The strategy of cloud computing is to augment computing service needs with a compliment of external vendors to relieve or unload some of the internal IT functions or resources at possible cost savings for the customer.
Before jumping onto a cloud, you might want to get the legal team or hire a lawyer to help parse through the Service Level Agreements (SLA) and other contracts that binds the vendor to a responsibility for the company or individual’s interests, assets and IT functions to better understand where the buck will stop so as not to fall through in a security worst case scenario.
I have been looking for what I consider as the proper wording for the contractual language that basically says, as for the cloud provider, “Yes, we build and maintain the system as well as take up full responsibility for the security of your business interest”.
That could be worded a million different ways in legalese but there is more likely verbiage about up time and setting the expectations of the quality of services provided versus an offer to shoulder the burden of security.
Shoot right to the disclaimers and the fine print that absolves the basic model of the confidentiality, integrity and availability of data and services of the provider.
Consider what I imagine as the largest service by volume to be sourced from the cloud and that is email service and data storage.
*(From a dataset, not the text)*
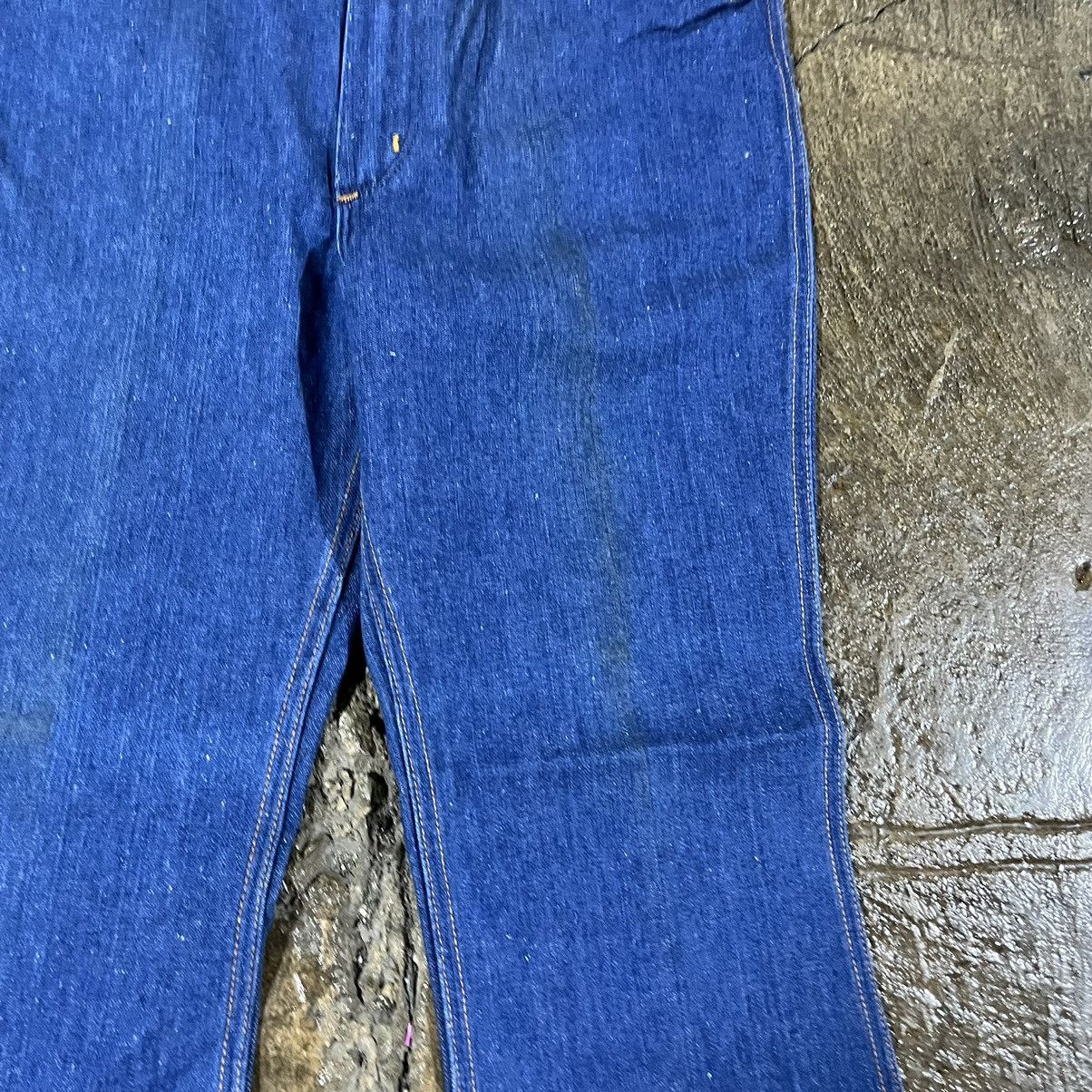 Levi's × Vintage × Wrangler Crazy Vintage 60s 70s Wrangler Bell Bottom Flare Jeans Size US 36 / EU 52 - 9 Thumbnail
Both can offer a lot of exposure to customers when used as a platform for sensitive business data or even if offered as Infrastructure for a Service (IaaS).
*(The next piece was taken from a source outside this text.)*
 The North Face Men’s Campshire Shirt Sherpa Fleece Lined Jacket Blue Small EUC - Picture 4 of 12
The threats can come from the lack of designed and implemented security by the provider. This may be intentional or not but the lack of oversight or negligence in this area can potentially cause disputes over the difference of control versus accountability.
There may be different agreements between private and business customers or differences between that which is public and privately agreed upon but make sure the view from the Cloud is not a hazy one before a leap.